Pagels is clear that gnostic and orthodox Christianity have much in common, and the disagreements between them often broke along explicitly political lines. Both hold Jesus Christ as a divine figure and important teacher while drawing from the same texts and traditions. Still, as the Nag Hammadi texts prove by their existence, there were some texts expressing gnostic views that were never accepted as canonical, and this is often because such views challenge the authority of church leaders.
Gnostic ideas had been challenged since almost Christianity’s beginning, if the New Testament’s story about “the gnostic teacher Simon Magus” (45) is true. The presence of gnostic ideas from very early in Christianity’s history supports two key points by Pagels. The first point is that even the orthodox church accepted basic concepts that could be described as “gnostic” from sources like The Gospel of John, as long as they could be made compatible with the authority of the church hierarchy (119-122). The second of Pagels’s core arguments through The Gnostic Gospels is that “politics and religion coincide in the development of Christianity” (xxxvi). This is not to say that political and social developments and circumstances entirely shape religious ideas and their success or failure. Instead, both the religious and the political/social were interwoven and mutually reenforcing.
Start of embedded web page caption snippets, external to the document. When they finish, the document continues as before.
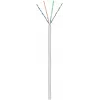 Kabel sieciowy Goobay CAT 5e U/UTP 100 m szary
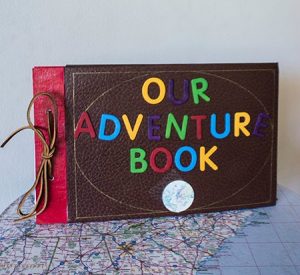 Adventure Book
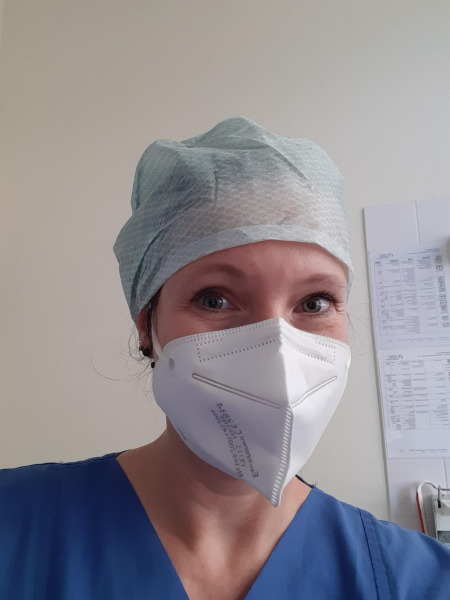 Teamomat: Porträt Jenny Preuß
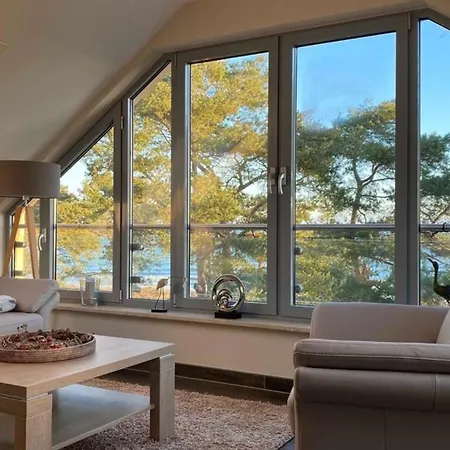 Strandhaus Aurell, Whg 16 Meerblick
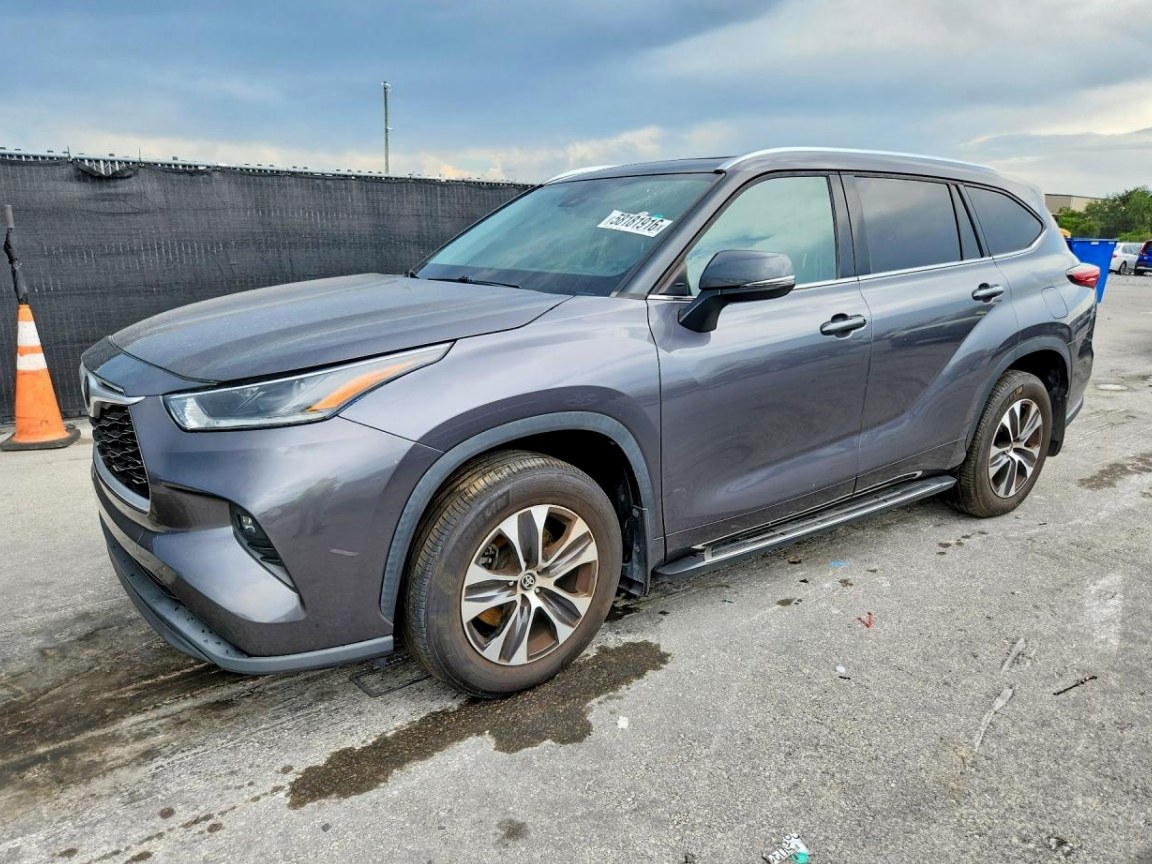 2021 Toyota Highlander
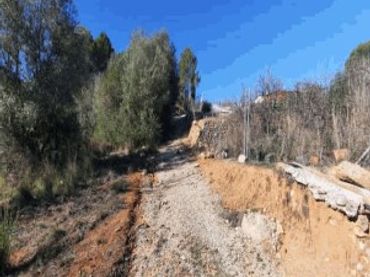 Rustikales Grundstück zum Verkauf in Barxeta
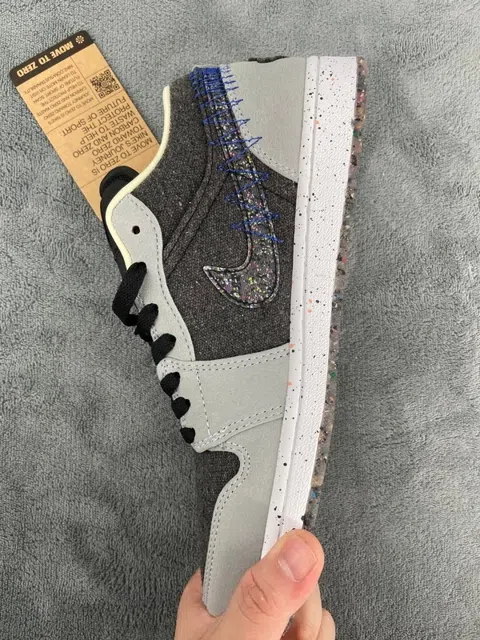 Air Jordan 1 Low Crater – photo 3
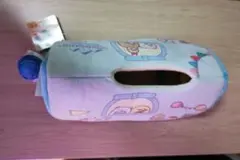 すみっコぐらし ティシュカバー
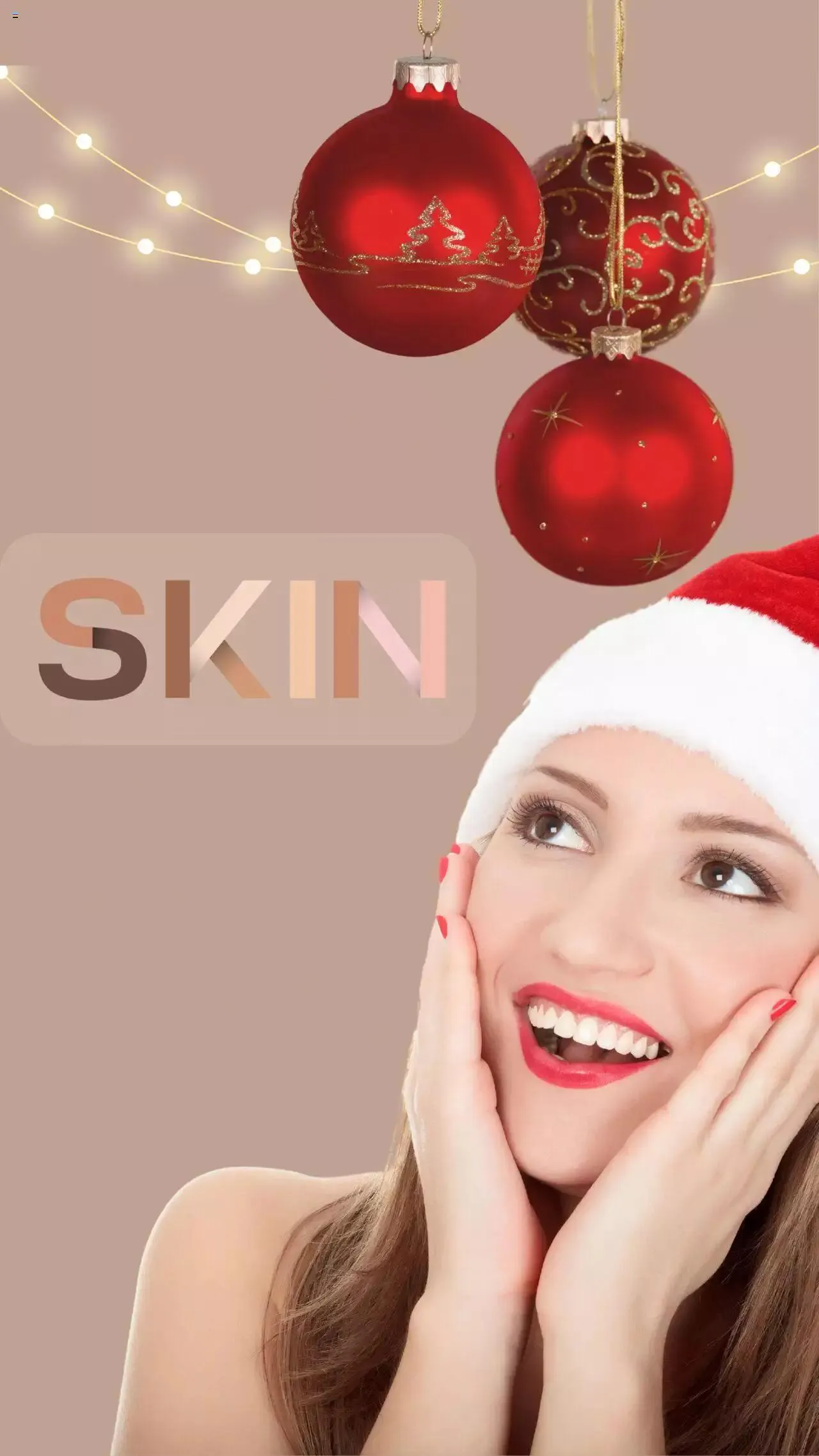 Skin.pt Feliz Natal - 0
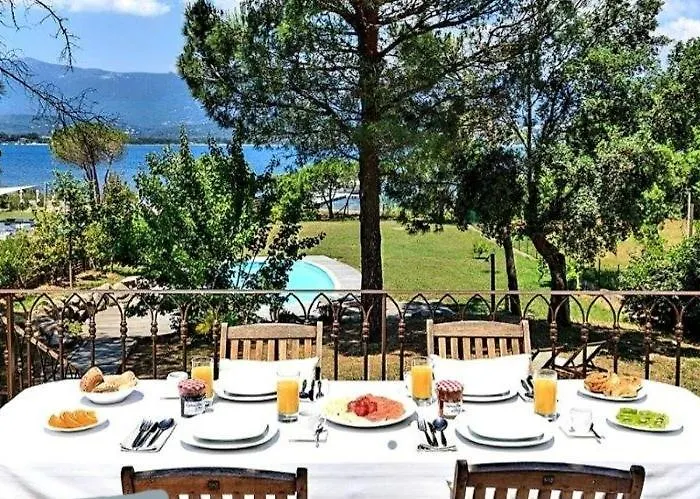 Villa Casetta Bianca 2 Chambres, Piscine Et Acces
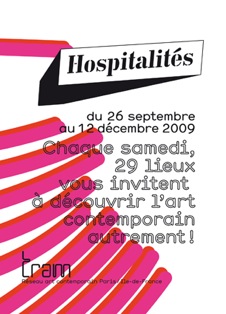 3ème édition d’Hospitalités 3ème édition d’Hospitalités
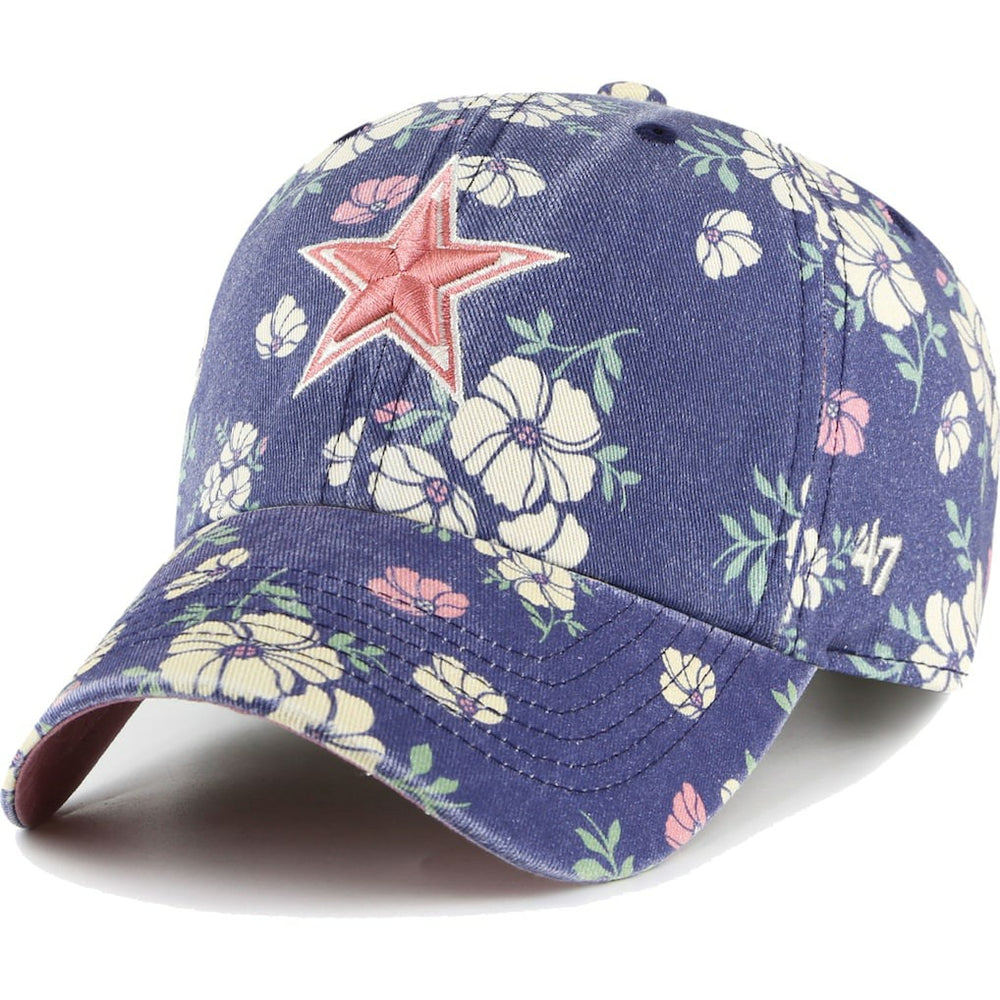 '47 Women's Primrose Clean Up Adjustable Hat - Dallas Cowboys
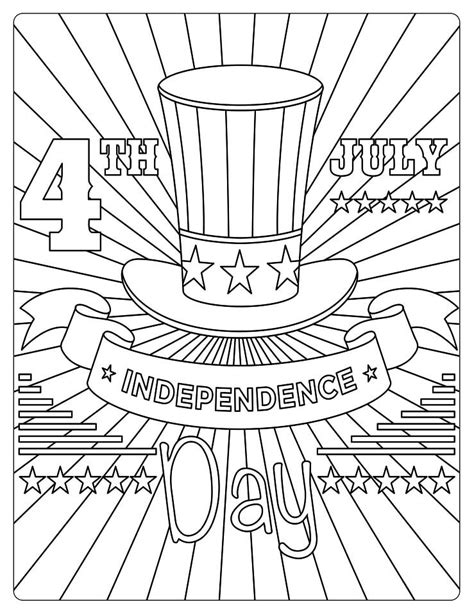 July Coloring Page Free Printable Coloring Pages For Kids
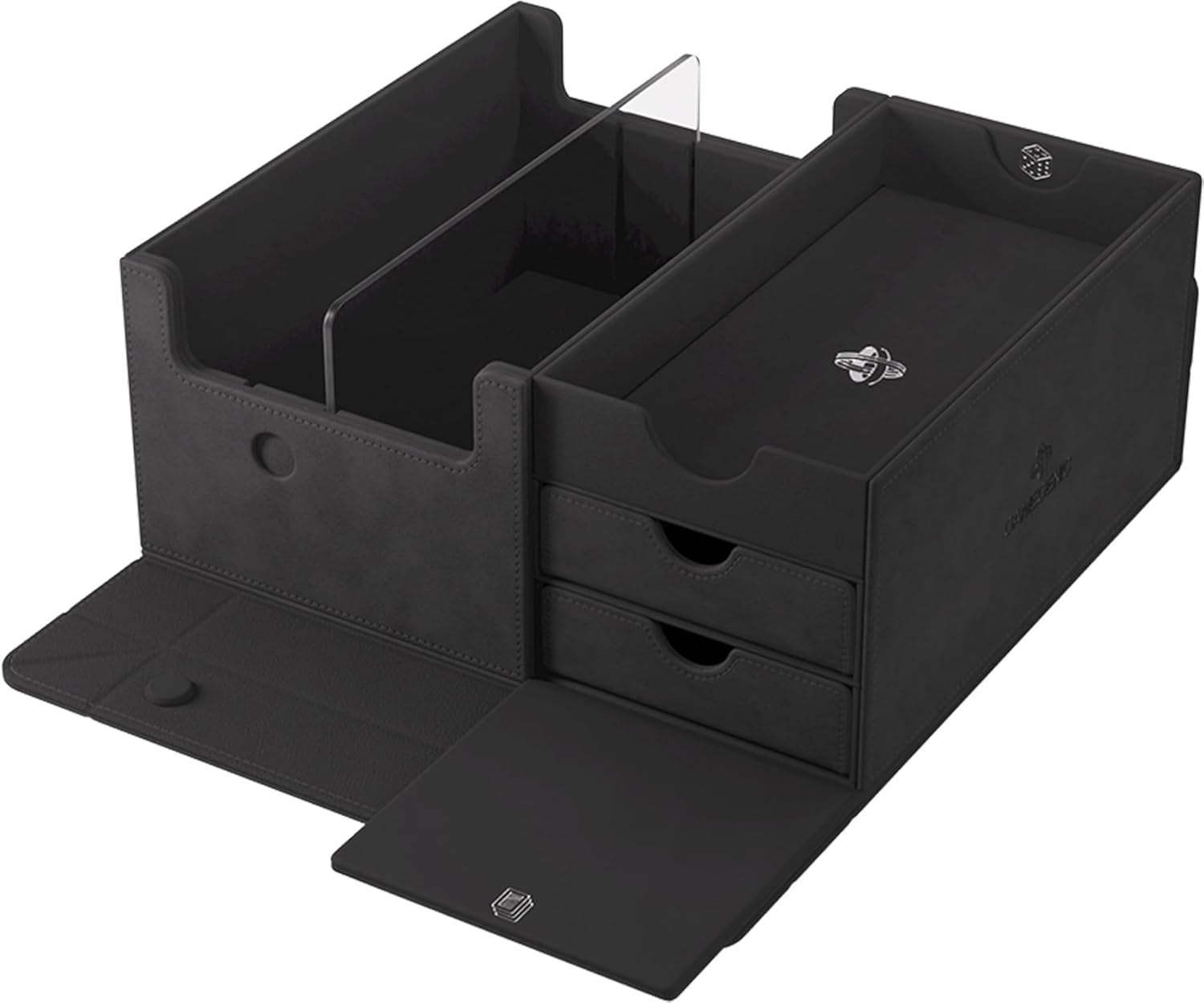 Convertible Deck Box Holds 600 – Card Sleeves Protector Bewertung und Preis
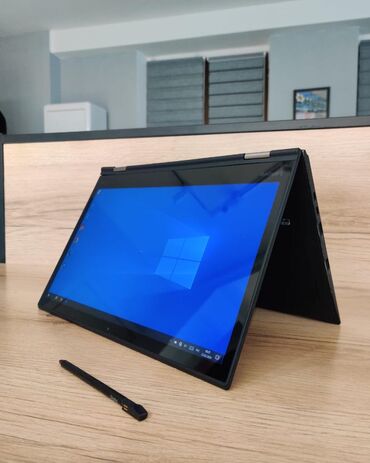 lenovo yoga slim 7: Ультрабук, Lenovo, 14 ", Б/у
Many of the differences stem from the gnostic belief in The Primacy of Direct Spiritual Knowledge. This deviation in emphasis would have a profound influence over gnosticism, with The Gospel of Mary asserting that “whoever ‘sees the Lord’ through inner vision can claim that his or her own authority equals, or surpasses, that of the Twelve—and of their successors” (14). As Pagels argues throughout The Gnostic Gospels, such interpretations would fundamentally shape the ways in which gnostic Christians set themselves apart. These ways include both ideas (the belief in the importance of gnosis over a simple conversion experience) and practices (decentralized organization that avoided hierarchies).
Notably, in the Introduction, Pagels does not explicitly discuss at length the category of gnostic Christianity itself. While later historians have questioned whether this category is valid (See: Critical Context), Pagels herself does not necessarily present gnostic Christianity as an organized collective. She does write of a “widespread movement that derived its sources from various traditions” (xxxii) and about organized groups like the students of Valentinus (17). Still, Pagels never refers to gnostic Christianity as an organized, institutional church. Instead, Pagels suggests that gnosticism was a product of an early period in which Christians were in “communities scattered throughout the known world organized […] in ways that differed widely from one group to another” (xxiii), instead of anything like the “institutional religion” (xxxvi) with a well-defined hierarchy that orthodox Christianity had become by the third century. Pagels’s discussion of the organization of gnostic communities would be a basis for debates by later scholars over whether gnosticism existed as an actual religious group or just as a set of related ideas that were perhaps never adopted completely, but only to varying extents by different Christians.